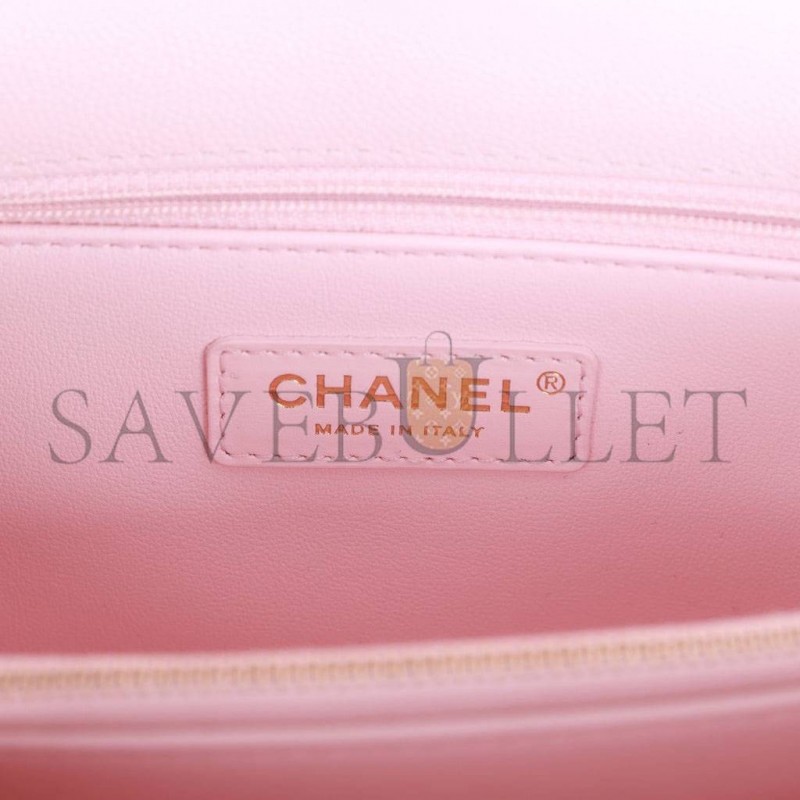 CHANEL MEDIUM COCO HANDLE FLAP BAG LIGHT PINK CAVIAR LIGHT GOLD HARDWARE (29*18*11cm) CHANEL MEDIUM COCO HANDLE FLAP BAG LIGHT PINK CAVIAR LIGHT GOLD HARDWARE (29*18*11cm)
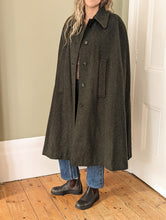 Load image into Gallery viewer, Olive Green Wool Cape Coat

================

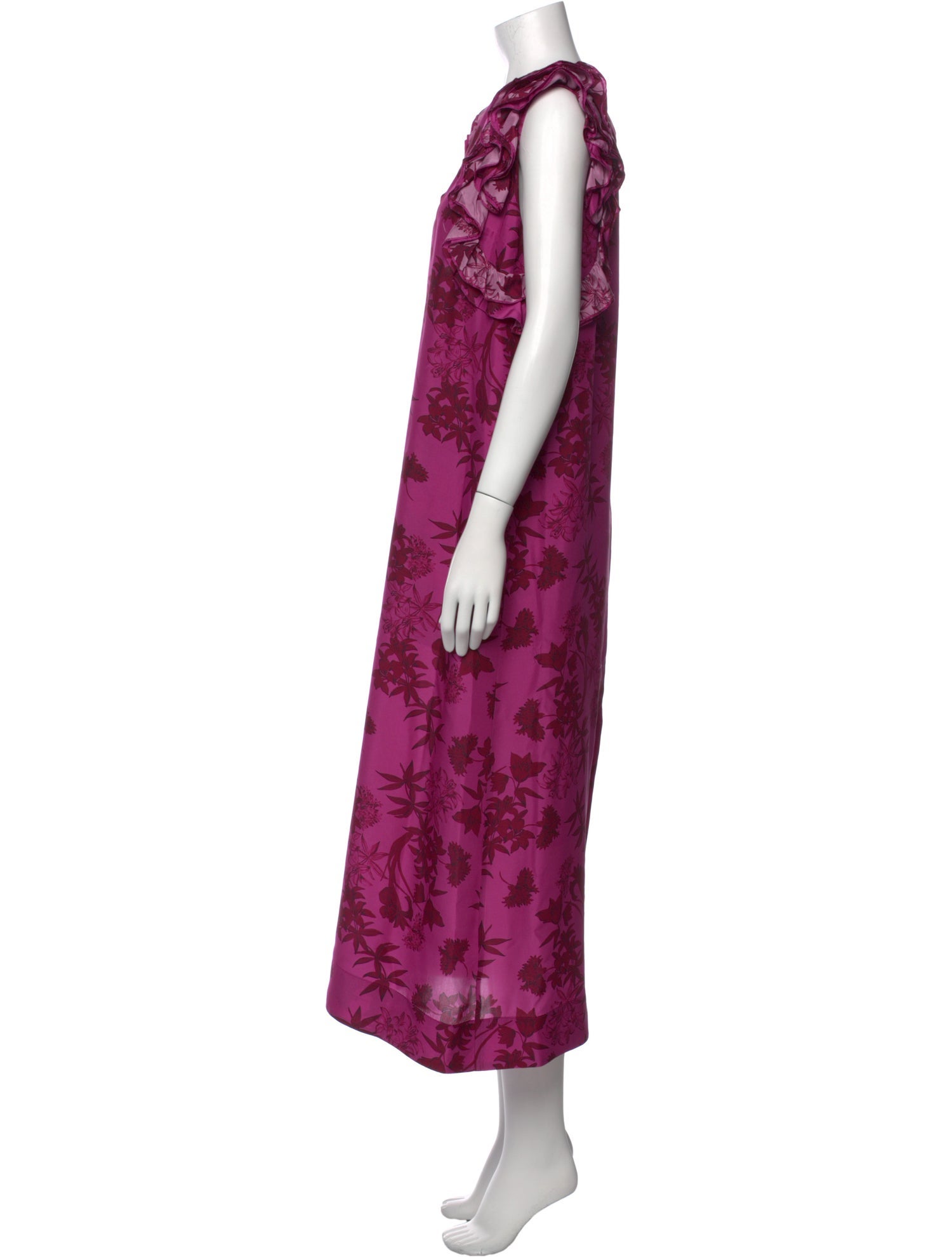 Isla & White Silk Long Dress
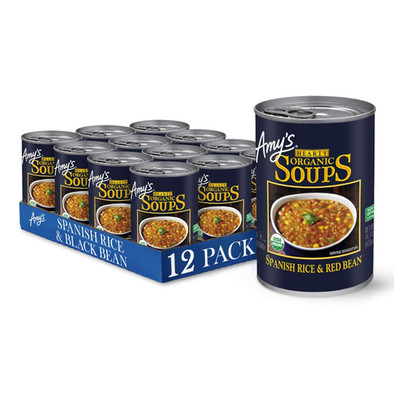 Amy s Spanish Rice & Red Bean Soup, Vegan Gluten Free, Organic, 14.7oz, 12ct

================

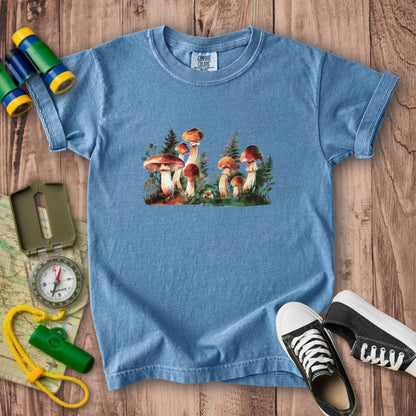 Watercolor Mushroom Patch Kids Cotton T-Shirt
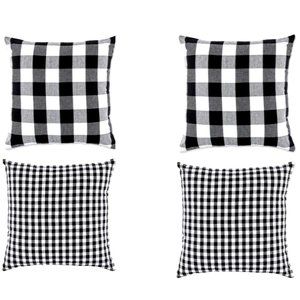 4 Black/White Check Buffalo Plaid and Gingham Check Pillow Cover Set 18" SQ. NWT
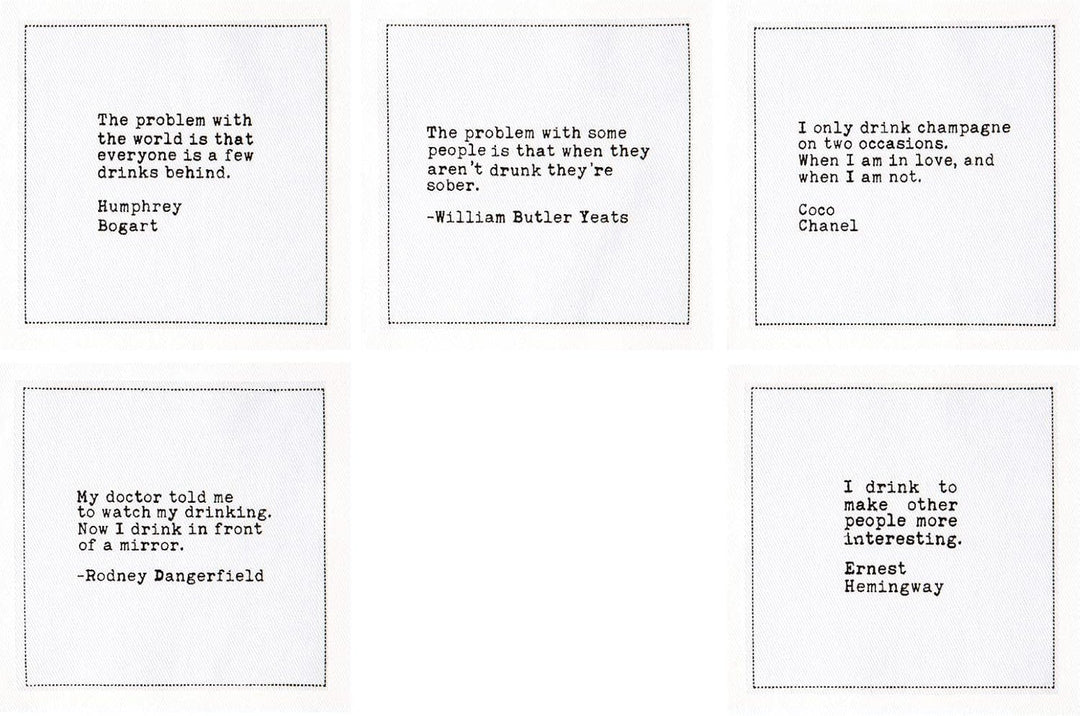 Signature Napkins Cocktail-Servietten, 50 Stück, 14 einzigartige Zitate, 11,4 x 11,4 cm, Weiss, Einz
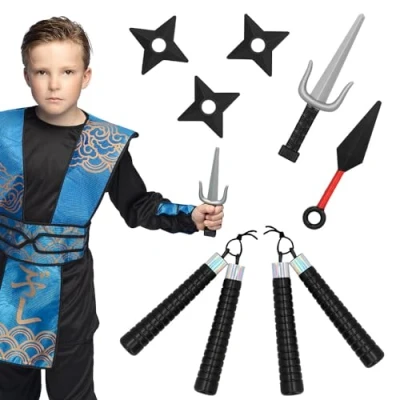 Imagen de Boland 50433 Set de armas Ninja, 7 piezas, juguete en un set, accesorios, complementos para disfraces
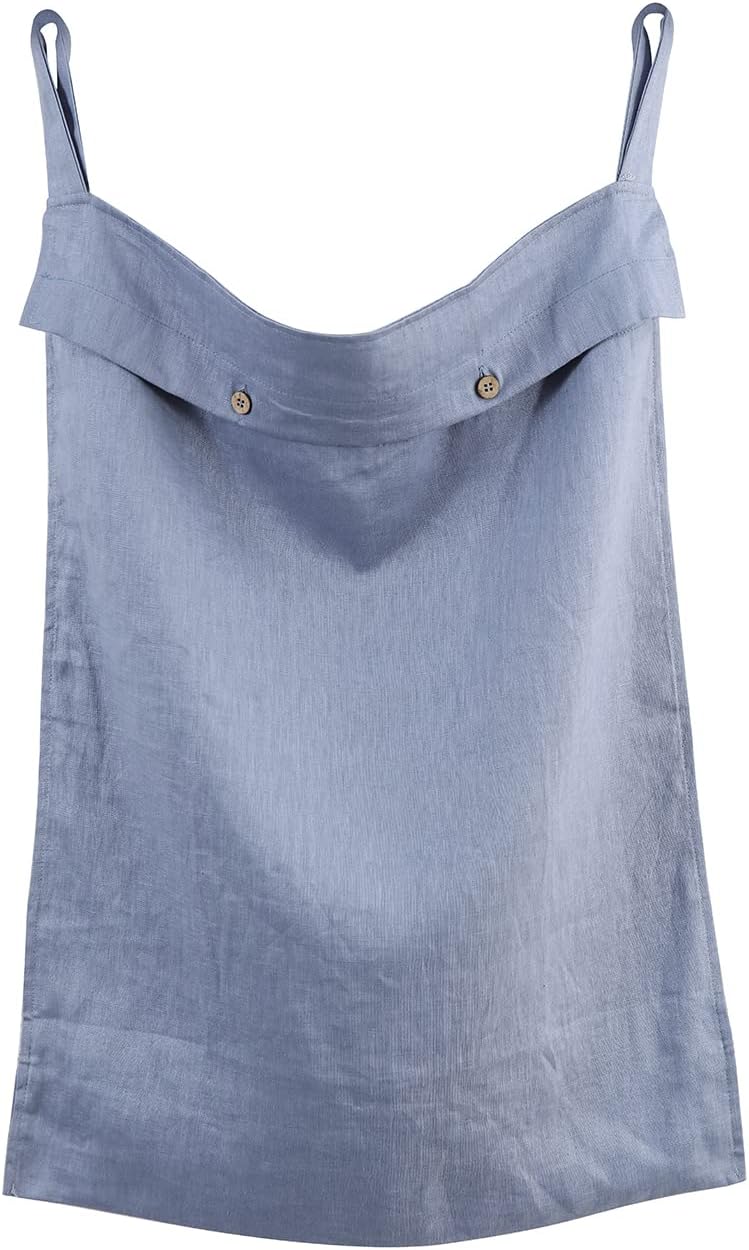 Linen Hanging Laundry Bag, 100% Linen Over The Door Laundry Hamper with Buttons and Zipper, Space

================

◆ WHAT IS BEING ASKED: Reproduce the lines above beginning at the line that contains "Isla & White Silk Long Dress" and ending at the line that contains "Amy s Spanish". No pictures.

◆ ANSWER AREA:
 Isla & White Silk Long Dress
 Amy s Spanish Rice & Red Bean Soup, Vegan Gluten Free, Organic, 14.7oz, 12ct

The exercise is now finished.